Мое трио для струнных не было ни гениальным, ни совсем никудышным. Хорошо уже, что я впервые написал музыку. Куда подевалась ее нотная запись, понятия не имею. Я думал, она лежит в коробке с моими ранними произведениями, хранившейся в доме моего брата в Балтиморе. Но лет десять назад он прислал мне эту коробку, найденную в подвале. Трио в ней не было. Зато обнаружились давно позабытые мной сочинения «джульярдского периода».

В любом случае, вот где все началось: в библиотеке Чикагского университета я сидел над нотами, в комнате общежития пытался выстроить свое первое музыкальное сочинение. У меня пока не было преподавателя композиции, но я нашел себе два способа кое-чему поучиться. Первый — по книге Шёнберга. Я слышал, что у него есть книга по гармонии, но не мог отыскать ее ни в одном магазине. В конце концов выписал ее наложенным платежом, и через несколько недель ее прислали. Оказалось, это очень четкий, хорошо продуманный учебник традиционной гармонии. Я ожидал совсем другого, но, в сущности, именно такой учебник мне и требовался. По этой книге я начал изучать то, что называется «теорией музыки».

Окончив первый курс, я устроился в Балтиморе спасателем в летний детский лагерь, а всю зарплату — наверно, двести долларов — потратил на первые в жизни настоящие уроки композиции. Я брал их у балтиморского композитора Луи Чеслока, которого мне порекомендовали в Консерватории Пибоди. Это был самый настоящий, живой композитор, а его симфоническая музыка даже исполнялась — правда, изредка — Балтиморским симфоническим оркестром. Я приходил к Чеслоку домой, и он давал мне упражнения по гармонии и контрапункту. Так я получил азы настоящего музыкального образования. Он был очень хорошим преподавателем и с легкостью отвечал на вопросы, возникавшие у меня после первоначальной проработки книги Шёнберга. С Чеслоком я чувствовал прочную почву под ногами.

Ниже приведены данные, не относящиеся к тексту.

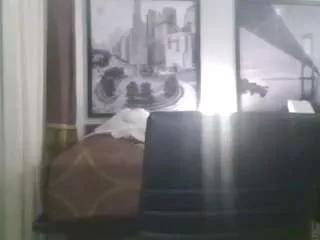 Freechat stalliontheesavage on CamSoda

В начале 50-х мне казалось, что для композиторов открыт только один путь — продолжение европейской традиции модернизма, которая, в сущности, сводилась к двенадцатитоновой музыке, без вариантов. Однако существовали другие, неизвестные мне стили. Двенадцатитоновую систему не использовали некоторые модернисты, в том числе Стравинский, французский композитор Франсуа Пуленк, чешский композитор Леош Яначек, а также Шостакович, не говоря уже об американцах Генри Коуэлле, Аароне Копленде и Вирджиле Томсоне. Эти композиторы-тоналисты были тем или иным образом тесно связаны с фольклорными корнями классической музыки. Например, первые три балета Стравинского — «Весна священная», «Петрушка» и «Жар-птица» — основаны на русской народной музыке. В первые годы учебы в Джульярде у меня был друг по переписке в России, и мы обменивались нотами. Он прислал мне сборник русской народной музыки в аранжировках Римского-Корсакова, где я обнаружил все мелодии из «Жар-птицы» и «Петрушки».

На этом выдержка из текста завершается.